__WHAT THE TASK ASKS__: The line containing "Ciemna sofa w salonie" marks the start; extract exactly from it through the last line of the entries, and omit any pictures.

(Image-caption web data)
○ ○ ○ ○

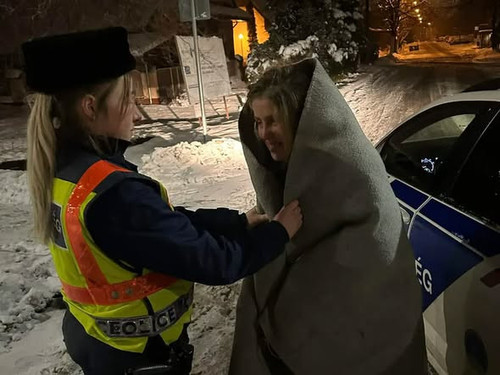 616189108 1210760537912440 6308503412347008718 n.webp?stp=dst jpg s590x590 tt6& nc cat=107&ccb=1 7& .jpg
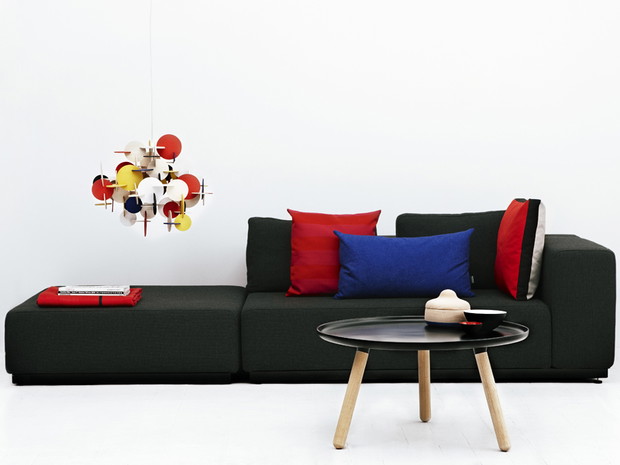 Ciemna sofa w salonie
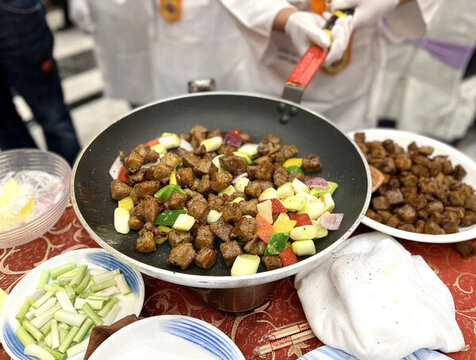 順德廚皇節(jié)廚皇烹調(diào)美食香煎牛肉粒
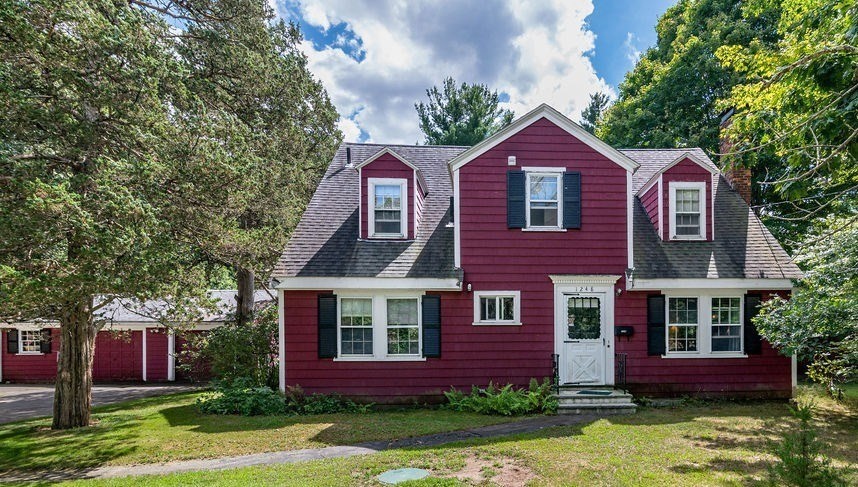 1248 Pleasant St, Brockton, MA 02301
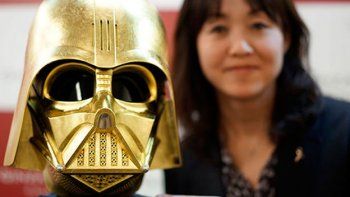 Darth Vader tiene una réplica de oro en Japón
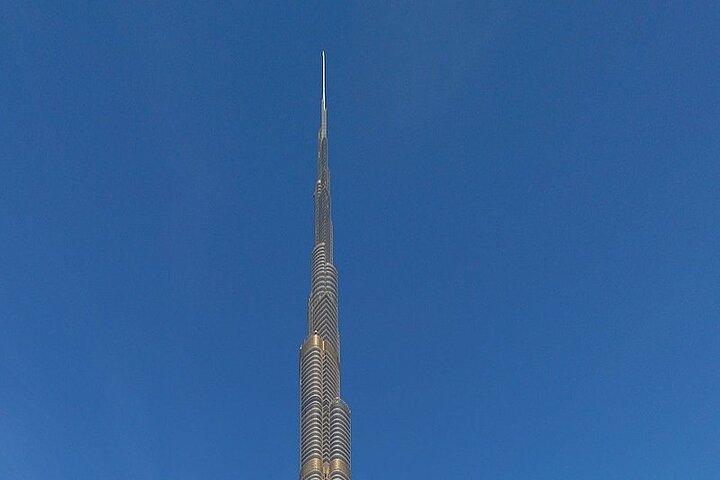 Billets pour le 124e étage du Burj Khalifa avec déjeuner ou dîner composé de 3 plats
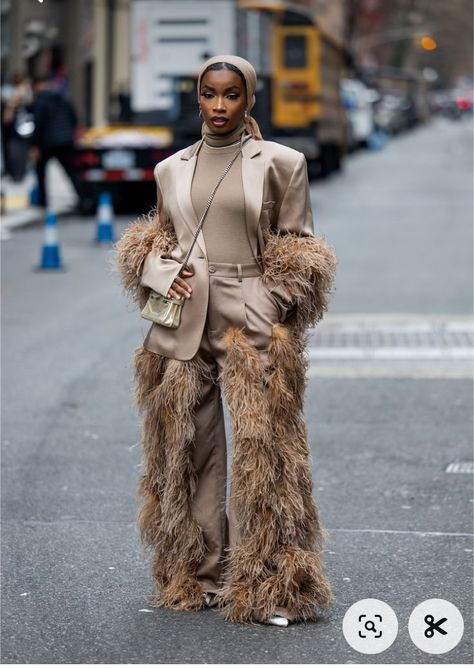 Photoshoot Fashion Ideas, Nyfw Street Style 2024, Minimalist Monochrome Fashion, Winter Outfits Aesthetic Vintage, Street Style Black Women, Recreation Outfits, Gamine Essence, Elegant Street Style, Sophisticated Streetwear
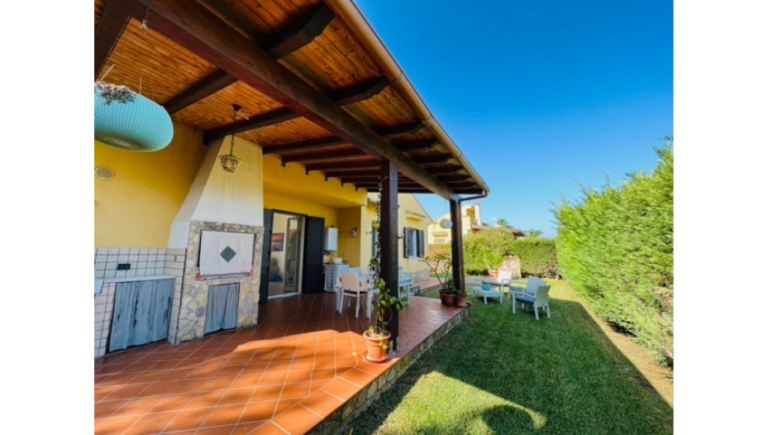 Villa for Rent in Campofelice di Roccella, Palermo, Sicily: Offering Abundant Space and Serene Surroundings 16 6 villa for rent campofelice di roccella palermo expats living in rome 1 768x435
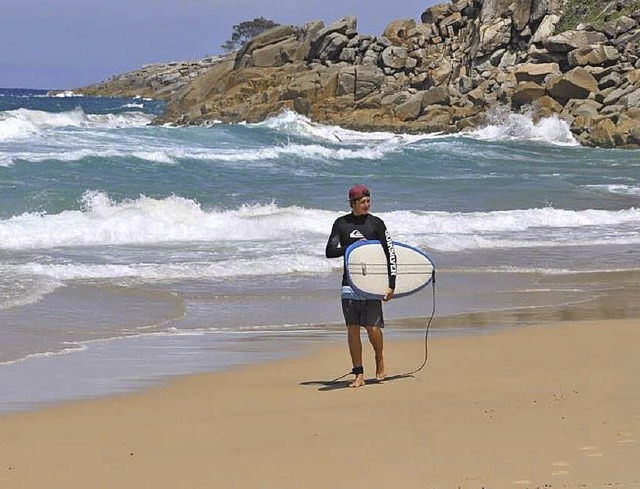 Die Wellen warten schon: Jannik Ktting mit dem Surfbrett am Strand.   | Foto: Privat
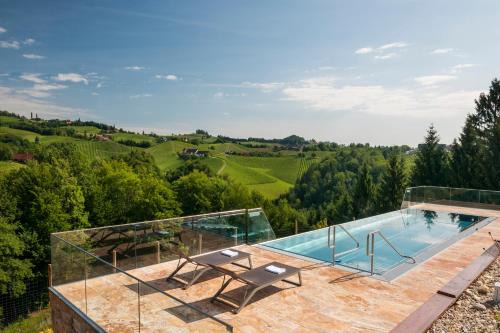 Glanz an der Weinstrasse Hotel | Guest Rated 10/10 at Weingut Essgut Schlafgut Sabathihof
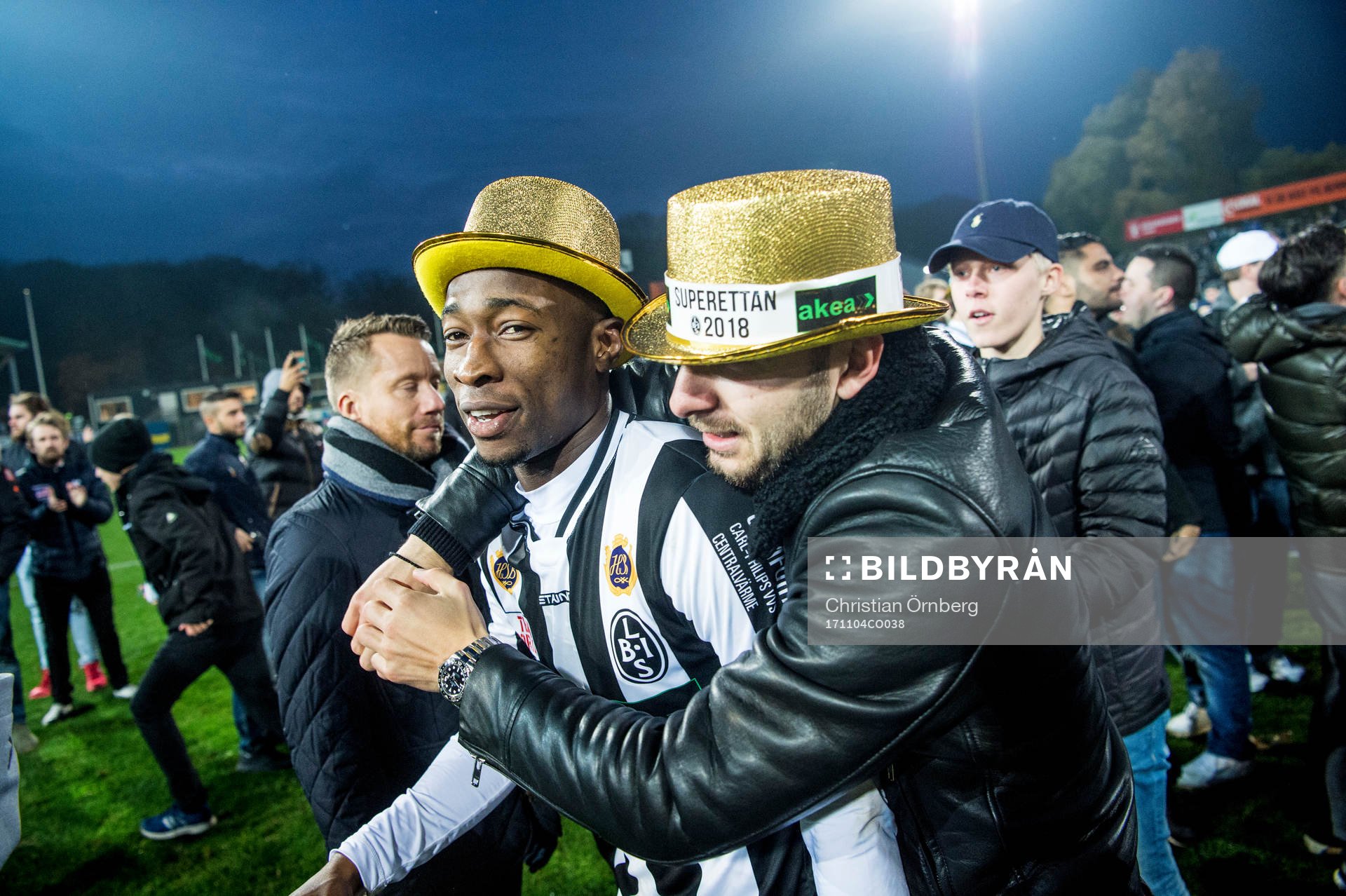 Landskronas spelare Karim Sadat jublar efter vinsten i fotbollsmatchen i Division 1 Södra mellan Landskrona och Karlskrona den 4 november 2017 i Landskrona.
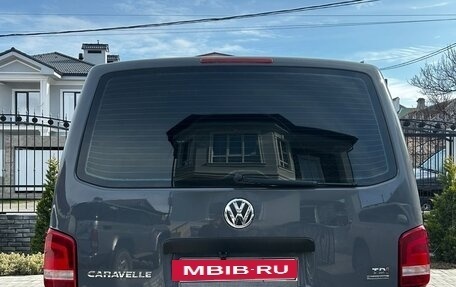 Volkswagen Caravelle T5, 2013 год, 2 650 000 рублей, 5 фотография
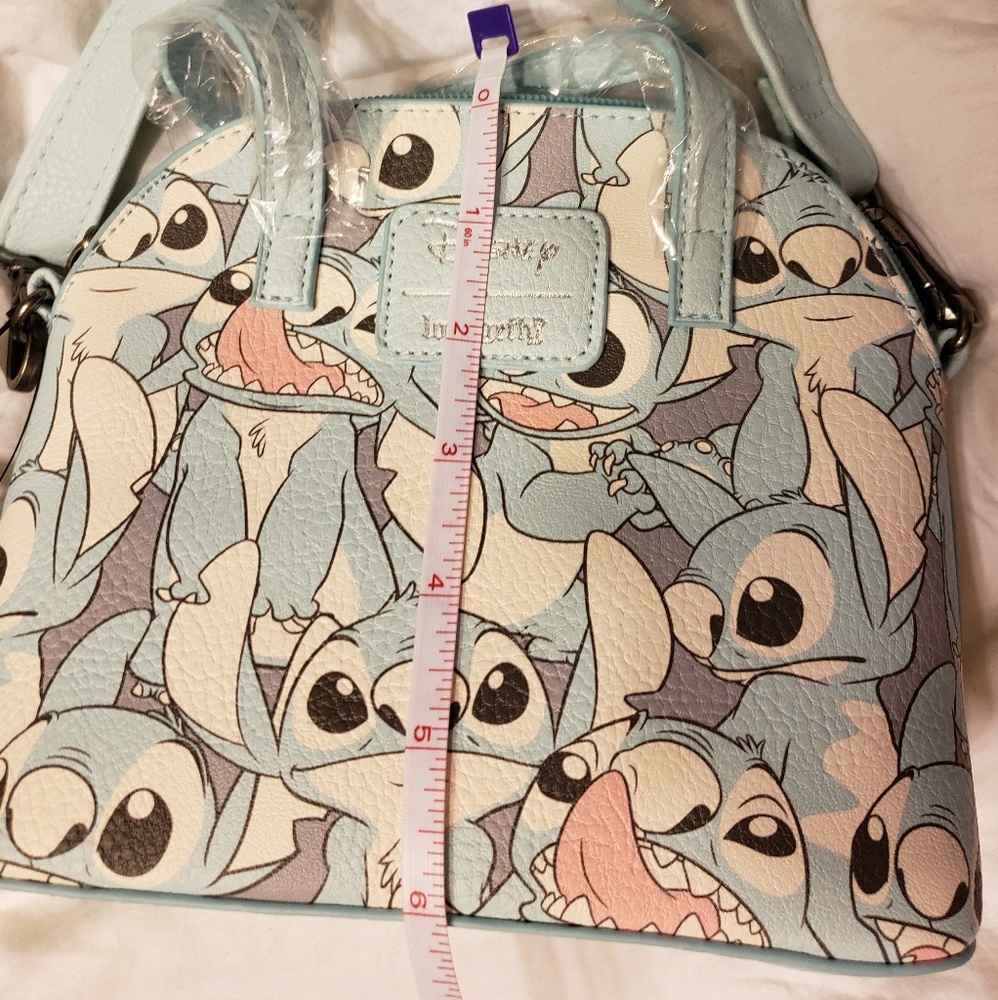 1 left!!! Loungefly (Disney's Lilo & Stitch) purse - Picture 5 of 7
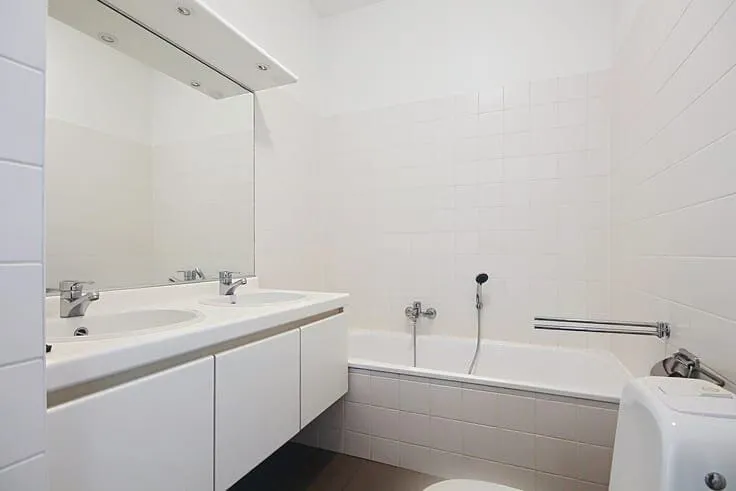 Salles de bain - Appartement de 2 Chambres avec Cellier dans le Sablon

○ ○ ○ ○

__WRITTEN SOLUTION__:
 Ciemna sofa w salonie
 順德廚皇節(jié)廚皇烹調(diào)美食香煎牛肉粒
 1248 Pleasant St, Brockton, MA 02301
 Darth Vader tiene una réplica de oro en Japón
 Billets pour le 124e étage du Burj Khalifa avec déjeuner ou dîner composé de 3 plats
 Photoshoot Fashion Ideas, Nyfw Street Style 2024, Minimalist Monochrome Fashion, Winter Outfits Aesthetic Vintage, Street Style Black Women, Recreation Outfits, Gamine Essence, Elegant Street Style, Sophisticated Streetwear
 Villa for Rent in Campofelice di Roccella, Palermo, Sicily: Offering Abundant Space and Serene Surroundings 16 6 villa for rent campofelice di roccella palermo expats living in rome 1 768x435
 Die Wellen warten schon: Jannik Ktting mit dem Surfbrett am Strand.   | Foto: Privat
 Glanz an der Weinstrasse Hotel | Guest Rated 10/10 at Weingut Essgut Schlafgut Sabathihof
 Landskronas spelare Karim Sadat jublar efter vinsten i fotbollsmatchen i Division 1 Södra mellan Landskrona och Karlskrona den 4 november 2017 i Landskrona.
 Volkswagen Caravelle T5, 2013 год, 2 650 000 рублей, 5 фотография
 1 left!!! Loungefly (Disney's Lilo & Stitch) purse - Picture 5 of 7
 Salles de bain - Appartement de 2 Chambres avec Cellier dans le Sablon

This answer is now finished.